Debug: Save the problematic frame for inspection

        cv2.imwrite(f'/workspace/debug_folder/{os.path.basename(image_path)}', input)
        break
    elif len(preds) > 0:
        lands = preds[0].reshape(-1, 2)[:,:2]
        np.savetxt(image_path.replace('jpg', 'lms'), lands, '%f')
    else:
        print(f"[INFO] ===== MAYBE can't find face on {image_path} =====")

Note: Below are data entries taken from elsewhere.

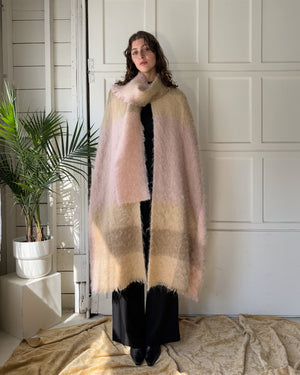 80s Fluffy Plaid Mohair Cape | OSFM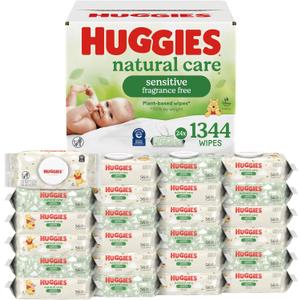 Huggies Natural Care Sensitive Baby Wipes, Unscented, Hypoallergenic, 99% Purified Water, 24 Soft Packs of 56 (1344 Wipes Total)
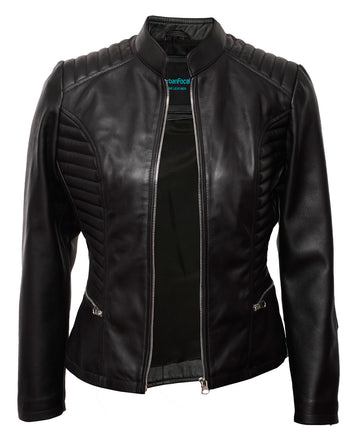 Leather Jacket Women - Cafe Racer Style Real Lambskin Leather Jackets For Women's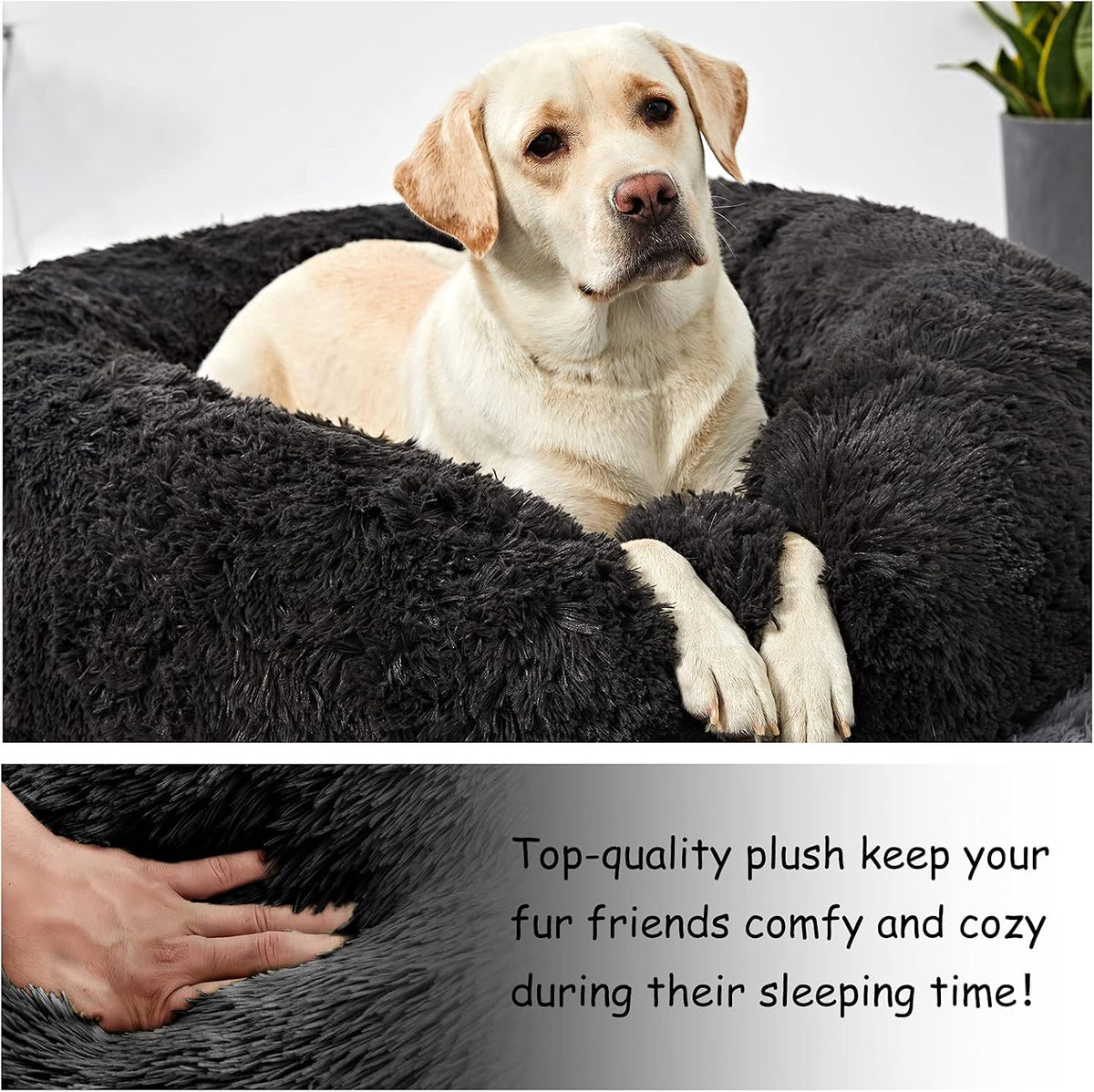 Washable Dog round Bed - Xlarge Donut Dog Bed, Comfy Calming Cuddler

3) I updated render_3dmm.py get_render() to to set bin_size and max_faces_per_bin , this noticeably slowed down processing and bin_size set to zero was my last fall back after attempting a wide variety of combinations. ... bin_size=0, max_faces_per_bin=None,

The above solved my problem, so I thought i would share with the rest of you. I'm sure my approach isn't the best, so if anyone has better suggestions I'm happy to test out any ideas that you all might have which could improve on my rather brute force approach.